▶ _Problem details_: Starting at the line that contains "Michael Kors Wonderlust", copy each line through the end of the listing below. Include both ends and output nothing more.

▶ _Extracted information_:
========================================================================

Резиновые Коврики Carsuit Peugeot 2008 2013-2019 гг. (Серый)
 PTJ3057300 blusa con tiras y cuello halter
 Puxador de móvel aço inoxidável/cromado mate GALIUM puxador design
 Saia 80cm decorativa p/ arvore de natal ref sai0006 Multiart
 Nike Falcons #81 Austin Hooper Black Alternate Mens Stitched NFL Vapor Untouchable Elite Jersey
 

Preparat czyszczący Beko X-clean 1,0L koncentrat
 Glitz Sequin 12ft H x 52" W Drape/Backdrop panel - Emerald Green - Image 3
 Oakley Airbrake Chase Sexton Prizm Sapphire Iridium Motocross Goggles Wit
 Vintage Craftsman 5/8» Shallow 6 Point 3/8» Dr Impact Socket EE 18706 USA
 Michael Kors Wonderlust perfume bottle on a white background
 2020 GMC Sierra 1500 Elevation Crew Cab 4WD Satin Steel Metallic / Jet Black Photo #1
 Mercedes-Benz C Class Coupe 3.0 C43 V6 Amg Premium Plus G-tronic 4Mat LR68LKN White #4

========================================================================

▶ _Answer space_:
 Michael Kors Wonderlust perfume bottle on a white background
 2020 GMC Sierra 1500 Elevation Crew Cab 4WD Satin Steel Metallic / Jet Black Photo #1
 Mercedes-Benz C Class Coupe 3.0 C43 V6 Amg Premium Plus G-tronic 4Mat LR68LKN White #4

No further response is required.